Speaking at Stripe Sessions 2026 in San Francisco

On 30 April 2026 I had the pleasure of speaking at Stripe Sessions in San Francisco, in a breakout titled "Under one roof: unifying the guest experience", alongside James Lemon (Global GTM Lead, Hospitality and Travel at Stripe) and Peter Hammer (Managing Director, Global Travel and Hospitality Industry Lead at Slalom).

The premise of the session was simple: guests don't think in channels. They book online, check in at a kiosk, order room service from their phone, and expect it all to feel like one experience. Yet on the operator side that one experience is normally stitched together from a dozen different systems — each with its own payment provider, its own reconciliation quirks, and its own way of breaking on a Saturday night.

I shared the blueprint we've been executing at Staycity Group to unify our multi-channel payment infrastructure across our 41 properties in 20+ cities across 8 European countries.

What I covered

I started by setting the scene at Staycity six years ago: every channel — online checkout, front-desk and kiosk terminals, F&B POS, the reservations call centre — running on a different payment provider, with reconciliation that was painful at best and impossible at worst (especially for refunds), and conversion that varied wildly by market because we couldn't always offer the locally preferred payment method or currency.

We picked Stripe for four reasons that compound when you're operating across eight countries: a unified architecture across online, in-person and back-office; localised checkout that lets us switch on local payment methods and currencies as we expand; global scalability with local acquiring and built-in compliance; and deep technical integration with Oracle OPERA Cloud and Tevalis, our PMS and F&B POS.

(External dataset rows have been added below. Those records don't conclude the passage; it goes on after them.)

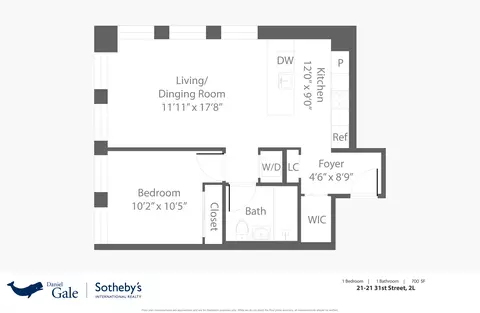 21-21 31st St #2L, Astoria, NY 11105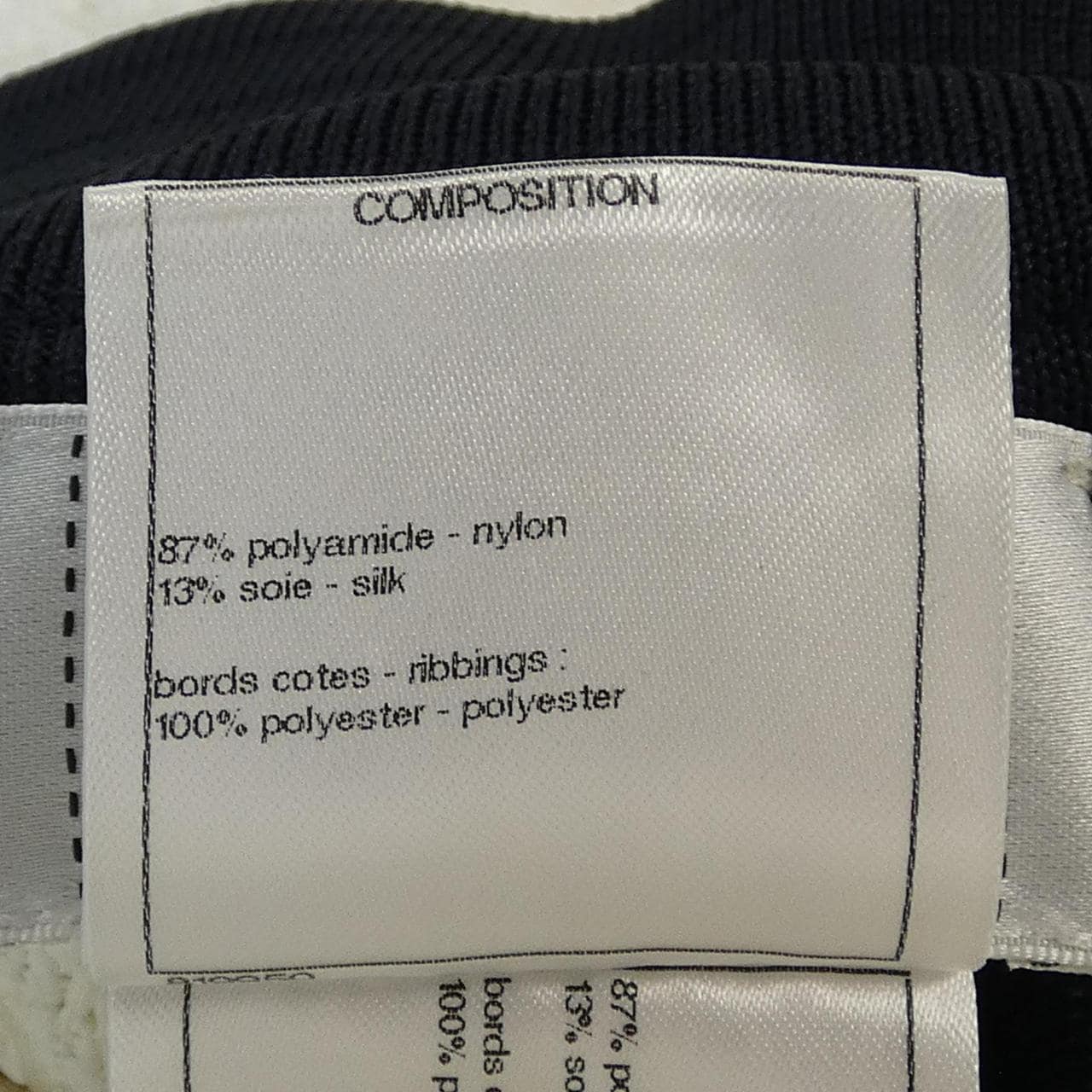 シャネル CHANEL P53733V40182 スカート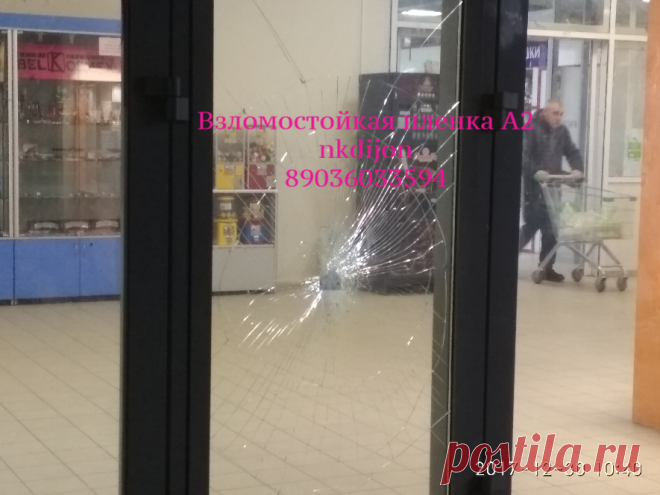Установлена взломостойкая (бронирующая )прозрачная пленка на окна.Пленка выполняет свой функционал - разбитое стекло не вылетело ,контур закрыт.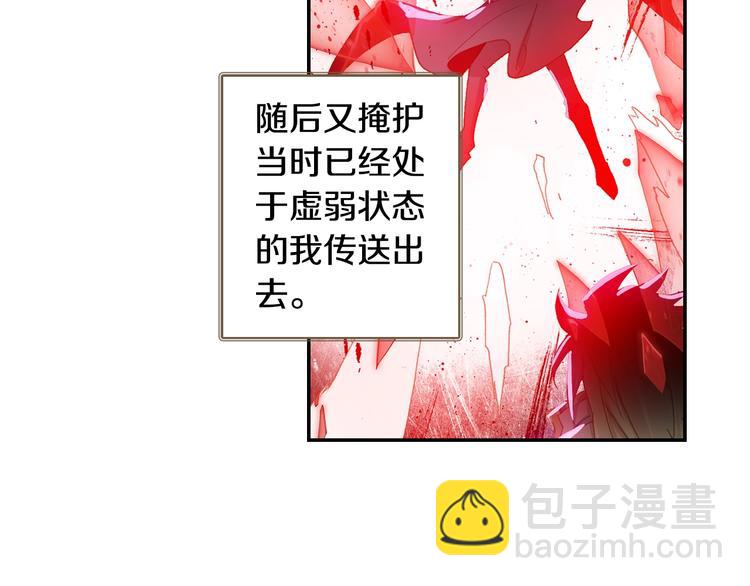 第25话 真的要输了吗？（上）-第64话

The rollout was three stages. First we unified the financial infrastructure across our existing stack — online booking, the Stripe ↔ OPERA Cloud integration, and front-desk and kiosk terminals all at once, because refunds and stored cards are genuinely cross-channel. We started with a one-property POC and then deployed vertically across all 30 live properties in three months, with a single person running the rollout. Second, we turned on new payment methods market by market — Apple Pay, Google Pay, PayPal, iDEAL, Klarna, Revolut Pay and Link — and used the Stripe dashboard to A/B test where each one actually paid back. Third, and where we are now, we started layering in new revenue streams via the Stripe FX API for Multi-Currency Conversion: present prices in the guest's local currency, capture the FX margin that banks would otherwise take.

The headline numbers: 17% decrease in checkout abandonment, 10% increase in authorisation rates, improved ROAS on direct bookings, and over $1M in incremental revenue from multi-currency conversion. Next up we're looking at Pay by Bank for corporate stays.

The lesson I'd give anyone considering this: build the business case first. Model conversion uplift against payment-method commissions, factor in MCC and Pay-by-Bank, and don't forget efficiency gains from unified reconciliation. When you add it all up on a platform you can genuinely build on, the ROI case becomes clear very quickly.

Reflections

The most rewarding part wasn't the 30 minutes on stage — it was the conversations afterwards with attendees. The level of curiosity, practical thinking, and creativity in the room really stood out. Several great exchanges on agentic commerce, on what loyalty looks like when AI agents do more of the booking, and on how to keep the physical guest experience unmistakably human as automation handles the menial bits.

Big thanks to James Lemon and Peter Hammer for being such generous co-panellists, to the Stripe team for the invitation and the meticulous preparation, and to everyone who took the time to engage, challenge ideas, and share perspectives. Definitely one of the more energising rooms I've been in this year.